Monday, July 31, 2006

Number of first year university enrollments


I have been asked for the number of new 1st year students in Canadian universities by gender. Does anyone know where to get this information?

Cansim provides overall enrollment, but not by year.


I just confirmed with the author division and this information is not available from Statistics Canada. Apparently we once did collect it, but it is not longer being collected at this time.

Updated Products - SPSDM / RTSS

Social Policy Simulation Database and Model - Version 14.1

The Social Policy Simulation Database and Model (SPSD/M), Version 14.1, based on 2002 microdata is now available. The most recent SPSD/M can be used to study the impacts of changes to federal and provincial tax and benefit programs on families and governments from 1991 through 2010.

The Daily:

FTP: /dli/spsdm/spsdm-v14.1

Residential Telephone Service Survey 2005 - 12

** An error in processing mistakenly assigned several CMAs to the incorrect urban size code for the variable SZCODE.
The error had a significant impact on the value for size code 4, the differences for the other categories are negligible.

The following files have been replaced:

RTSS Dec 2005 Data and Codebook

FTP: /dli/rtss/2005/12

Friday, July 21, 2006

Farmland within Toronto Municipal Boundaries


I have a graduate student looking for 'Total Hectares of farmland within Toronto Municipal Boundaries for 1991,1996 and 2001'. The Census of Agriculture does not have these figures for the Municipal level. Can any one suggest where I should look?

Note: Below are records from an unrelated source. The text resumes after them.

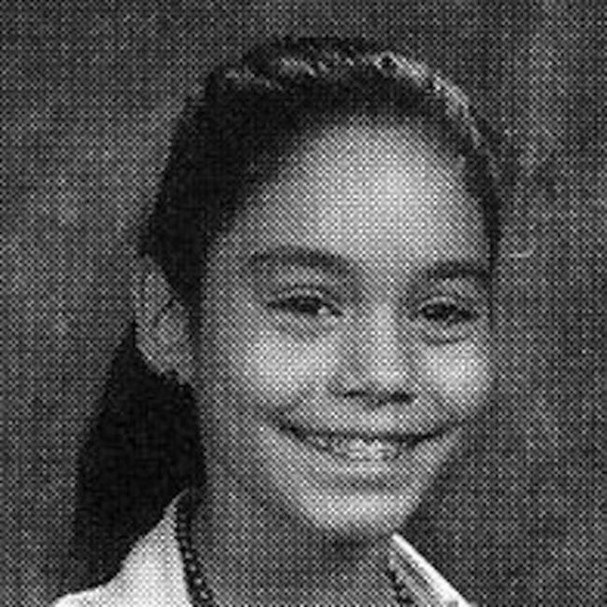 Na adolescência, Vanessa Hudgens também precisou de um aparelho para chegar ao belo sorriso atual (Foto: Reprodução/Yearbook)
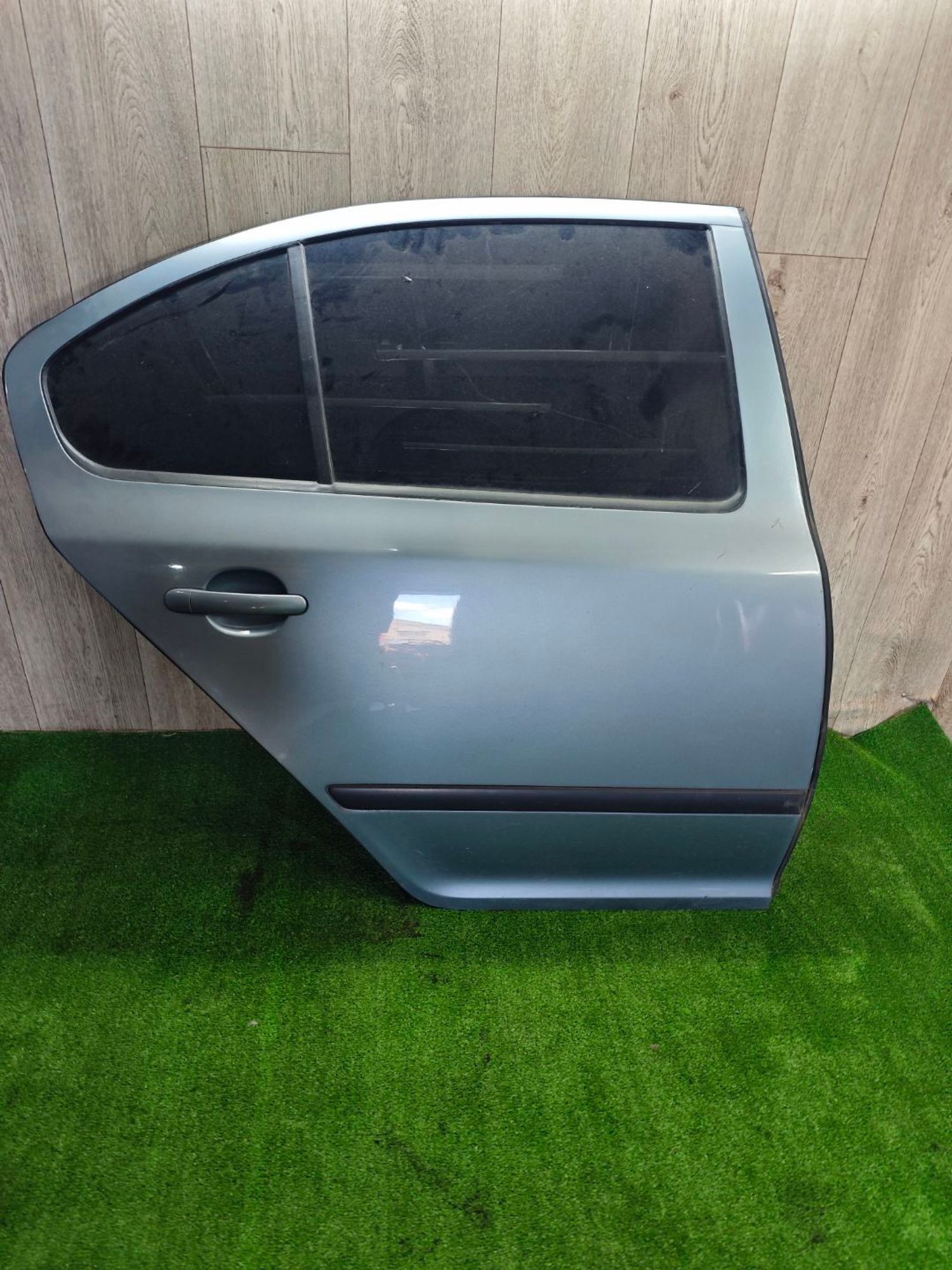 https://ycs.partsauto.market/partsauto-images/thmbs/userImages/642e6f5f1bce7f21e2021cd69aab83bc/part/1358e182-436d-463a-bb22-acefa469857a_1784623064651.jpg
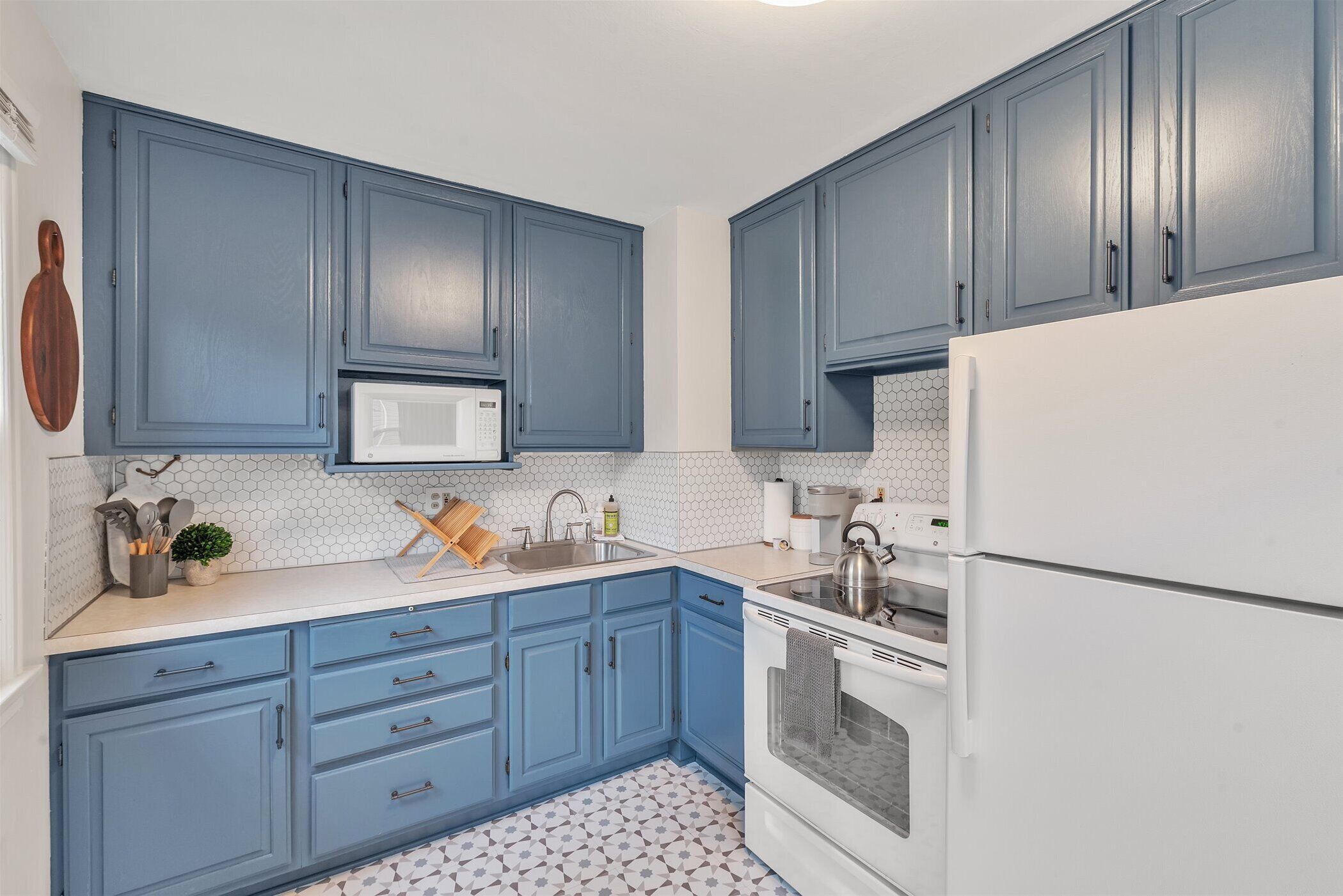 Fridge, oven, stovetop, coffee/tea maker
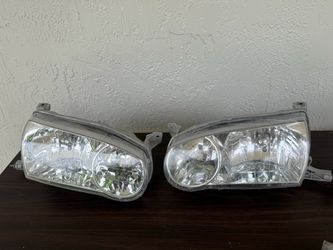 Toyota Corolla 2002 headlights with bulbs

The lowest level of dissemination for standard products for agricultural tables are CCS (Census Consolidated Subdivisions). For the Census Division of Toronto, 2001 has one CCS (Toronto) and for the other years (prior to amalgamation in Toronto), there are more CCS listed (six I think).

You can access the most recent information for free on the Census of Agriculture web site
and the previous years are available from the DLI FTP site.

If you need smaller geographies, these will be a custom request from the Division and will result in fees for the work.

Friday, July 14, 2006

Student debt by urban/rural breakdown


The students are hoping to find data on student debt loads of rural and urban post-secondary students. They want the data based on whether students classify themselves to be of rural or urban origin.

Any suggestions? They have looked at CANSIM and beyond


Unfortunately we do not collect this information by rural and urban origin.

Question about ethnic origins in the census


One of my Faculty Members has a question about people who list multiple ethnic origins in the census. He has specifically asked that I forward his question to those who are knowledgeable about the Census.

His question:
"I am wondering whether the multiple origins option results in duplication, or whether some method is used to prevent this. For example, if an informant reports that her origins are French and Aboriginal, does she appear in the aggregate data twice, once as 'French, multiple origins' AND a second time as 'Aboriginal, multiple origins'? If she would only be aggregated into one of these categories, how is the determination made? I would like to have an answer to this that goes back to the introduction of multiple origins on the census (is that 1981?)."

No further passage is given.